LONDON, November 10 (Sputnik) — The response in Ukraine and in the West to the elections that occurred in the regions of eastern Ukraine on November 2, 2014, has been borderline hysterical. The elections have been called “undemocratic”, “illegal” and “illegitimate”. The US and the EU have solemnly said they will “not recognise them”.
Moreover, the elections have been condemned as breaching the terms of the Minsk Protocol and “threatening” the ceasefire.
This is all wrong. As was the case with the referendum held on May 11, 2014, there is no doubt that the elections for all their claimed imperfections are a valid reflection of the opinions of a substantial majority of the people in the regions in which they were held.
More to the point, it is not the elections that threaten the ceasefire. It is Ukraine’s hysterical reaction to them.
What this reaction shows is that Ukraine’s political leadership has no intention of entering into meaningful negotiations with the eastern regions. The peace process is deadlocked. It is Ukraine’s leaders, not the independence supporters, who are breaching the Minsk Protocol and who are putting the ceasefire at risk.
On the specific question of whether the November 2, 2014, elections breach the Minsk Protocol, the answer is very simple: they don’t.
I discussed the Minsk Protocol at length in an analysis I did some time ago.The Minsk Protocol was never intended to be a final agreement, or settlement of the conflict. It is not a treaty or a contract. It is a technical document produced, as its preamble makes clear, not as a result of negotiations between the Ukrainian government and the independence supporters, but by a Contact Group consisting of Russia, Ukraine and the OSCE that was set up to implement the “Peace Plan” Poroshenko announced back in June.
The independence supporters are not members of the Contact Group that produced the Protocol and have never accepted Poroshenko’s “Peace Plan”. They made that clear again immediately after their representatives, Zakharchenko and Plotnitsky, signed the Protocol.

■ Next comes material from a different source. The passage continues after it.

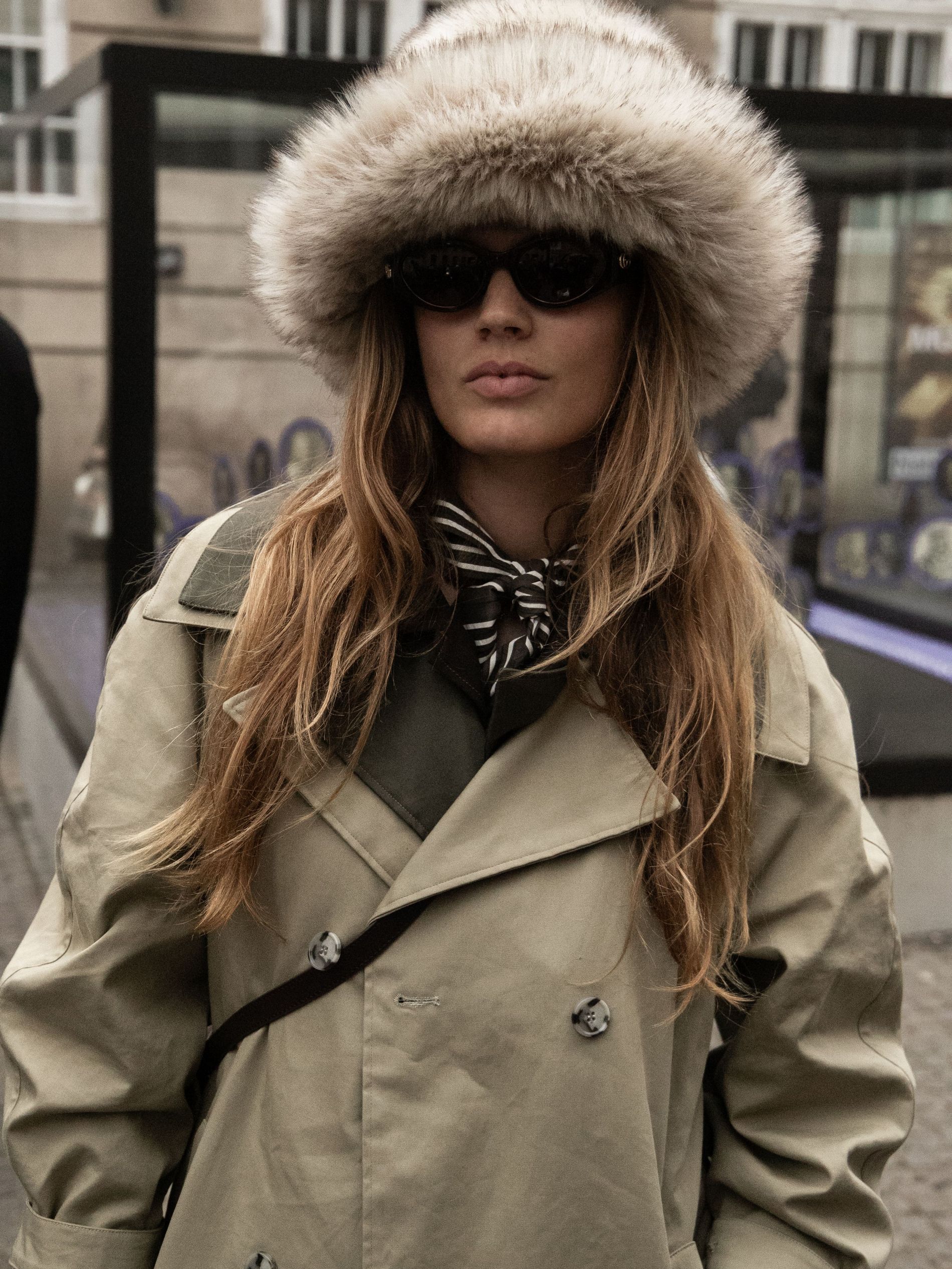 A guest wears a faux fur hat at Copenhagen Fashion Week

Zakharchenko and Plotnitsky signed the Protocol not because they agreed to Poroshenko’s “Peace Plan”, which the Protocol modifies, but rather because they were invited to do so by the Contact Group, which produced the Protocol, in order to confirm their agreement to the bilateral ceasefire that the Protocol mentions in its first article.
The provisions in the Protocol that call for a decentralization of power and elections in the southeastern regions in accordance with a law on special status, which the elections of November 2, 2014, are said to breach, are modifications of Poroshenko’s “Peace Plan”, which were agreed by Ukraine, and which the independence supporters, since they do not accept Poroshenko’s “Peace Plan”, neither agreed to, nor are bound by.
Nothing in the Protocol therefore prohibits the southeastern regions to hold elections in the territories they control and they have not breached the Protocol by holding them.
The Protocol does however commit Ukraine to undertake “an inclusive national dialogue” (article 7), which clearly refers to a commitment Ukraine made in the Four Power Statement issued in Geneva on April 17, 2014, which reads: “the announced constitutional process will be inclusive, transparent and accountable. It will include the immediate establishment of a broad national dialogue, with outreach to all of Ukraine’s regions and political constituencies, and allow for the consideration of public comments and proposed amendments”.
“An inclusive national dialogue” cannot happen unless “all of Ukraine’s regions and political constituencies” are represented by their freely chosen representatives. By the elections of November 2, 2014, the Donbas regions elected their leaders and representatives, who are Zakharchenko and Plotnitsky. However, instead of entering into a dialogue with them, as the Geneva Statement and the Minsk Protocol require them to do, the political leaders of Ukraine threw a tantrum, denounced the elections and cancelled the law on special status they committed themselves to in the Minsk Protocol.
This repeats the same pattern of self-destructive “all-or-nothing” behavior Ukraine has seen since the start of the Maidan protests a year ago. Though it was the Maidan leaders who first brought up the subject of constitutional changes when they thought this would help them get rid of Yanukovych, since they seized power in February, they have resisted all attempts to discuss them. Commitments made on February 21, April 17, and September 5, 2014, for inclusive talks have all gone by the board. No talks have been held, nor are they likely to be any time soon given the hysterical reaction to Zakharchenko’s and Plotnitsky’s election.
In the meantime, not surprisingly, the security situation is deteriorating. Since the only “talks” Ukraine’s leaders are prepared to consider are those they conduct with themselves, it is not difficult to see why.